Endoscopic submucosal dissection. A, B, and C: The lesion was completely removed by endoscopic submucosal dissection.
Figure 3.
Histopathological findings (haematoxylin and eosin staining). The histopathological findings of the endoscopic submucosal dissection specimen showed diffusely hyperplastic lymphoid tissue with a lymphoid follicle structure surrounded by an abundance of diffusely infiltrated lymphoid cells that exhibited clear cytoplasm and similar sizes. The lymphoma invades the mucosal layer inside. A: Magnification of 2000 μm; B: Magnification of 200 μm; C: Magnification of 50 μm.
Immunohistochemical staining was positive for CD20, CD19, and CD79 (Figure 4A-C). The Ki-67 Labeling index was 3% (Figure 4D). Immunohistochemical staining was negative for BCL-6, cyclin D1, CD3, and CD 56 (Figure 4E-H).
Figure 4.
Immunohistochemical findings. A-C: CD20, CD19, and CD 79α immunohistochemical staining were positive; D: Ki-67 Labelling; E-H: BCL-6, cyclin D1, CD3, and CD 56 immunohistochemical staining were negative. The magnification of all photographs is 200 μm.

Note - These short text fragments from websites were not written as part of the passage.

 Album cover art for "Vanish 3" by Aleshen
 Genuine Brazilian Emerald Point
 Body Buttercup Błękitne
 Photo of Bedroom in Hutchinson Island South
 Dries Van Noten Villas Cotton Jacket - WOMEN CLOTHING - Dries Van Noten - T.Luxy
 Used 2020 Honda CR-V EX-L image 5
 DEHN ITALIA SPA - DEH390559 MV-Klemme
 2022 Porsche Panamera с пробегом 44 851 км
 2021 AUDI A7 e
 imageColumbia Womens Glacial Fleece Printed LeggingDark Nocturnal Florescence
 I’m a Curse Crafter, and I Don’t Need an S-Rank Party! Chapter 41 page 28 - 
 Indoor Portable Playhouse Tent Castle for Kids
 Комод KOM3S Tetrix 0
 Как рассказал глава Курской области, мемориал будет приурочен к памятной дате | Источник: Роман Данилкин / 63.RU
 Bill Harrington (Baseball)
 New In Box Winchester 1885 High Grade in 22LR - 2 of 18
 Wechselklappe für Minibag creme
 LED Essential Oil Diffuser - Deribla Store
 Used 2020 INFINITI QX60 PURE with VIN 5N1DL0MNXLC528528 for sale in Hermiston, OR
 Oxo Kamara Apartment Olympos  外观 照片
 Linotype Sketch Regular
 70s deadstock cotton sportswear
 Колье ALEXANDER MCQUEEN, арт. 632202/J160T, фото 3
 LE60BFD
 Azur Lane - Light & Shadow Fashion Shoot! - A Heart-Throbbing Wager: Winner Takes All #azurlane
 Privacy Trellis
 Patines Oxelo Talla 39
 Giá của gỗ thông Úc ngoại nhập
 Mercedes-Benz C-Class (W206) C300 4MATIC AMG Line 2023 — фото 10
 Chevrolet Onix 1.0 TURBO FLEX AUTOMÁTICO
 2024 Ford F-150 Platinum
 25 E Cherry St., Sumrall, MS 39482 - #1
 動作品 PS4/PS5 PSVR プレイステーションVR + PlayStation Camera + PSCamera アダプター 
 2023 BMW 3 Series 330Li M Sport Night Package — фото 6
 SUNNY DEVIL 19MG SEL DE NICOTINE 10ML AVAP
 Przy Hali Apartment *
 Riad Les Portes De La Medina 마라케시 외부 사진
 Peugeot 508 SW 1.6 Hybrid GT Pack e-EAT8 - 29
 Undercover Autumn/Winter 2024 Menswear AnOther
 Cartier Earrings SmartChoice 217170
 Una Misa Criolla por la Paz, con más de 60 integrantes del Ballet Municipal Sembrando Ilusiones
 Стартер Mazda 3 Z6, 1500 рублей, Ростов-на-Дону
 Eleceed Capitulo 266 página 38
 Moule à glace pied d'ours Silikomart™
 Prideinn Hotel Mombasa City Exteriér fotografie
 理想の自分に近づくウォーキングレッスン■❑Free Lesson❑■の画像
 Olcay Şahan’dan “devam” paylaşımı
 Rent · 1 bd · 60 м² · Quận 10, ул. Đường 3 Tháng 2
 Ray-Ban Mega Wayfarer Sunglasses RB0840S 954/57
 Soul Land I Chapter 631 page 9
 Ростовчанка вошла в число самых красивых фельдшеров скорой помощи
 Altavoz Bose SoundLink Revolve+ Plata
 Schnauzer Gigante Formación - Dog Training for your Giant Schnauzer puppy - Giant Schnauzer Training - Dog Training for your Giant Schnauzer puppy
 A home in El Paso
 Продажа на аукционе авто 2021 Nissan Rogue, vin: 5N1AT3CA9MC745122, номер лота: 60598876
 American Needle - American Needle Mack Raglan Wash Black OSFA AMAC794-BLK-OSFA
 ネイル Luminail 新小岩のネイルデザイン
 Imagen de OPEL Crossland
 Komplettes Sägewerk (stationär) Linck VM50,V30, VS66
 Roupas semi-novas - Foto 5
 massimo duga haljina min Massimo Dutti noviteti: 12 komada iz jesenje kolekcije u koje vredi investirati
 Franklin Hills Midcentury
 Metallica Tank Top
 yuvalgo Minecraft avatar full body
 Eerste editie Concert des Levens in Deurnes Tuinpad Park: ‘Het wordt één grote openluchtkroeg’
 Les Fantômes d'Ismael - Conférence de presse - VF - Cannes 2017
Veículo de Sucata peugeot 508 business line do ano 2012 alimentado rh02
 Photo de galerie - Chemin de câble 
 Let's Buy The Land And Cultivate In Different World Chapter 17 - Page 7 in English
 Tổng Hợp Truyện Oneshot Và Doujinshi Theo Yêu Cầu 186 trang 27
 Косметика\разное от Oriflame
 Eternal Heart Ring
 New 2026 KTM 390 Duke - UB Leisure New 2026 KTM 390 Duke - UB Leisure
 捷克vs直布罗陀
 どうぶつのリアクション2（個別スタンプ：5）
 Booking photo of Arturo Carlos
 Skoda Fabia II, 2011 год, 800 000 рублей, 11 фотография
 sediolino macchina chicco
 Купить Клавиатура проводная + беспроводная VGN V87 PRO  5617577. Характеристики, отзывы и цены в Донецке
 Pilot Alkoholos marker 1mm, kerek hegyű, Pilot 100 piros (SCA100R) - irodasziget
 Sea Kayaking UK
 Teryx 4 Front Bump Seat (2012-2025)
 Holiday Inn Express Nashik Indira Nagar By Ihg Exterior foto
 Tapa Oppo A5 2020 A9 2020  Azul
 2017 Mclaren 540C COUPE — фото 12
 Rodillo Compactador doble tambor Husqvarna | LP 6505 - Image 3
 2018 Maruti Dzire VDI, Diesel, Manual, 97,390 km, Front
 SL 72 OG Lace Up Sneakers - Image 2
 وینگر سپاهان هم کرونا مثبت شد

Gene arrangement analysis showed that the specific immunoglobulin (IG) genes in the original B lymphocytes were rearranged.
OUTCOME AND FOLLOW-UP
The patient was subjected to regular clinical and colonoscopic follow-up at 6 mo, 1 year, and 2 years after ESD (Figure 5). Considering that this MALT lymphoma case is a low-grade malignant tumour and has been completely resected, a reasonable follow-up strategy was made after discussion with hematologists, pathologists and the patient. Endoscopy and lymph node ultrasound review at 6 and 12 mo and PET-CT at 12 mo after ESD was carried out. When no suspicious lymphoma lesions were found, we decided to perform colonoscopy, EUS, and lymph node ultrasound annually. To date, for 2 years, endoscopy, lymph node ultrasound, and PET-CT have revealed no disease recurrence.
Figure 5.
Colonoscopic follow-up after endoscopic submucosal dissection. A: A smooth surgical scar was observed 6 mo after endoscopic submucosal dissection (ESD); B: A smooth surgical scar was observed 1 yr after ESD; C: A smooth surgical scar was observed 2 yr after ESD.
DISCUSSION
Primary rectal extranodal marginal zone lymphoma of mucosa-associated lymphoid tissue (MALT lymphoma) is a rare clinical entity. In a review of the literature, Dionigi et al[5] found primary colorectal lymphoma to account for only 0.2% of all malignant tumours of the colorectum. The colon and rectum are the least common gastrointestinal locations for primary lymphoma, accounting for < 10% of gastrointestinal lymphomas. Colorectal MALT lymphoma is an even rarer disease[6]. Colorectal MALT lymphoma comprises only 2.5% of MALT lymphomas[7]. This case is even more exceptional, as laterally spreading tumour-like elevated lesions are even rarer. MALT lymphoma has the highest incidence between the ages of 50 and 60 years, with no obvious difference between males and females[8]. The pathogenesis of MALT lymphoma has been characterized as a dynamic process driven by lymphoma cell dependency on T-cell signalling, chronic antigenic stimulation of marginal zone B cells and activation of the NF-kappa B signalling pathway[9]. MALT lymphoma and its tumour microenvironment suggest a potentially complex pathogenesis. Pathogenic mechanisms include Borrelia burgdorferi in cutaneous lymphomas, Chlamydia psittani in orbital lymphomas, Campylobacter jejuni in small intestinal lymphomas, and Achromobacter xylosoxidans in pulmonary lymphomas[10]. In addition, autoimmune disorders, especially Sjögren syndrome and chronic autoimmune thyroiditis, are also associated with MALT lymphomas[11]. H. pylori infection is now considered a major cause of gastric MALT lymphomas[12]. However, the pathogenesis of colorectal MALT lymphomas is still not clearly understood. In this case, the patient did not have an H. pylori infection. MALT lymphomas usually maintain an indolent course with 10-year recurrence-free rates of 57% to 76% and survival rates of 79% to 87%[13]. For colorectal MALT lymphoma, the reported overall survival at 5 years ranges from 50% to 94%[4,7,15]. Patients who underwent surgery had the highest 5-year survival[16].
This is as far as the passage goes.